But let’s not rush into anything. First, Duncan and his men have to drive from Pennsylvania to New Jersey for the job. This means stopping at a crummy dive bar to eat cheeseburgers for like eight minutes.

One character uses this opportunity to “go take a piss.” And the camera follows him!

Then they arrive at the mansion, and immediately leave again to go get something to eat, leading to another long sequence of beer drinking and crap dialogue.

Meanwhile, a delivery man and a nosy teen stop by and fall victim to one of the murderous grannies running amok in the old house that also very obviously serves as a local historical society, since there are glass display cases and newspaper clippings in every room!

The movers themselves and the Barfly Bettys they meet at the second bar and bring home to be eviscerated, are beer-swilling, working-class zeroes that have nothing on their minds but sex, food, and a paycheck, by gawd.

In other words, easy pickings for old ladies in their nightgowns. Indeed, the deaths carry What Lives Here, as the makeup effects of bodies being hammered, stabbed, and sliced, are actually worth sitting through the abundant blue-collar B-roll.

Even a construction boss director knows you’ve got to deliver the gross goods, or get outta the horror business.

Outpost (2008)

Somewhere in Eastern Europe, government forces are battling insurgents in an unending cycle of carnage.

In Outpost, Hunt (Julian Wadham), a determined financier employs mercenary captain DC (Ray Stevenson) and a band of “hired swords” to accompany him on a hazardous mission to retrieve a piece of Nazi hardware from an underground compound.

Shortly after securing the site, the soldiers find themselves under attack by an unseen enemy, one that can seemingly appear and disappear at will, which makes for a very nervous company.

Meanwhile, Hunt has found his infernal device, risking life and limb to jumpstart an ancient contraption in order to control undead Nazi hordes that are rapidly regrouping on the ground floor.

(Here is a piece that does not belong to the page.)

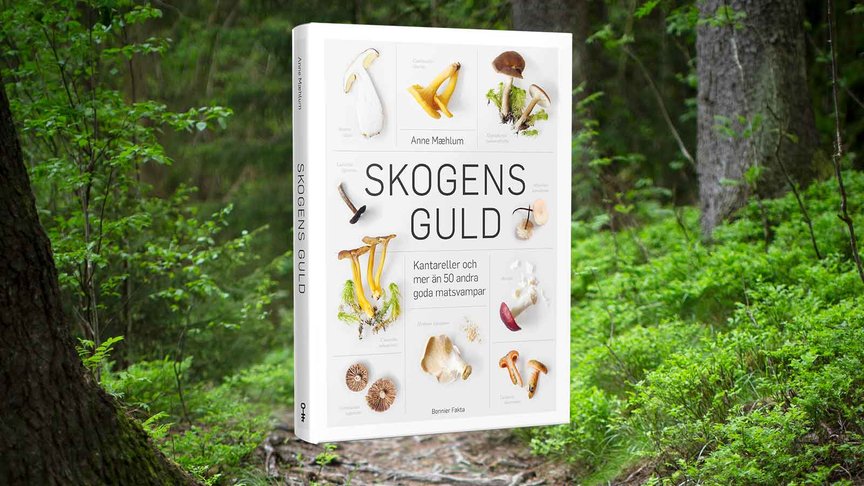 Skogens guld – en hyllning till svampplockning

“You said that that machine of yours was made to control them?” DC shouts at Hunt.

“Not control, contain,” Hunt says. “But they obviously got the maths wrong.”

Director and cowriter Steve Barker correctly understands that Germany’s rumored use of occult practices toward the end of the war is a well-stocked pond of possibilities, and makes the most of it.

After a slow start, Outpost gains momentum as the mercenaries realize they’re up against an opponent beyond their comprehension—an army of teleporting super soldiers that have held their position since the end of the Second World War.

Fortunately, they aren’t advancing. Yet.